# SOURCE MATERIAL

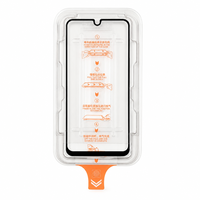 Protection d'écran en verre transparent anti-explosion 9H 0,3 mm pour téléphone portable Samsung Galaxy A16 A17 A26 A27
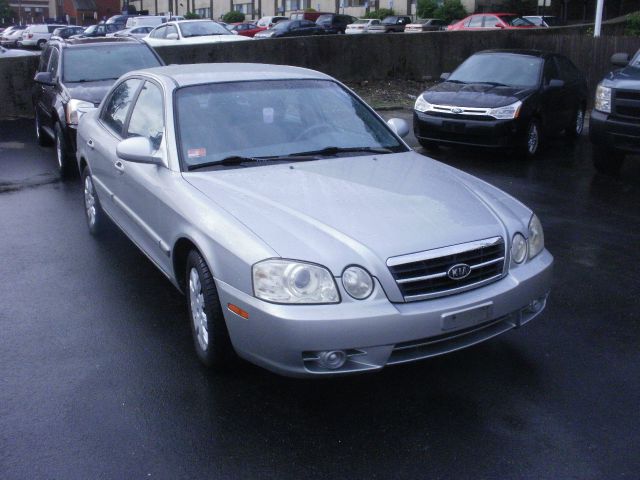 Kia Optima 2005 photo 2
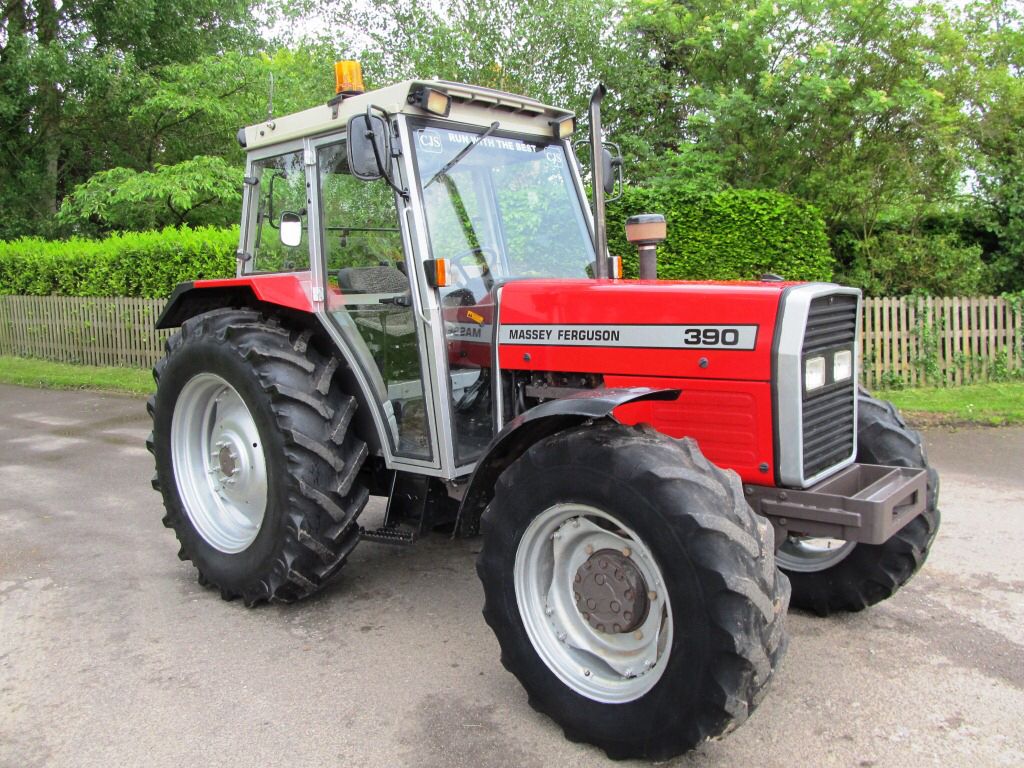 Massey Ferguson 390 Engine Components: Parts for Optimal Performance ...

# REQUIREMENT
Without altering anything, output all the lines above but none of the images.

# FINAL ANSWER
 Protection d'écran en verre transparent anti-explosion 9H 0,3 mm pour téléphone portable Samsung Galaxy A16 A17 A26 A27
 Kia Optima 2005 photo 2
 Massey Ferguson 390 Engine Components: Parts for Optimal Performance ...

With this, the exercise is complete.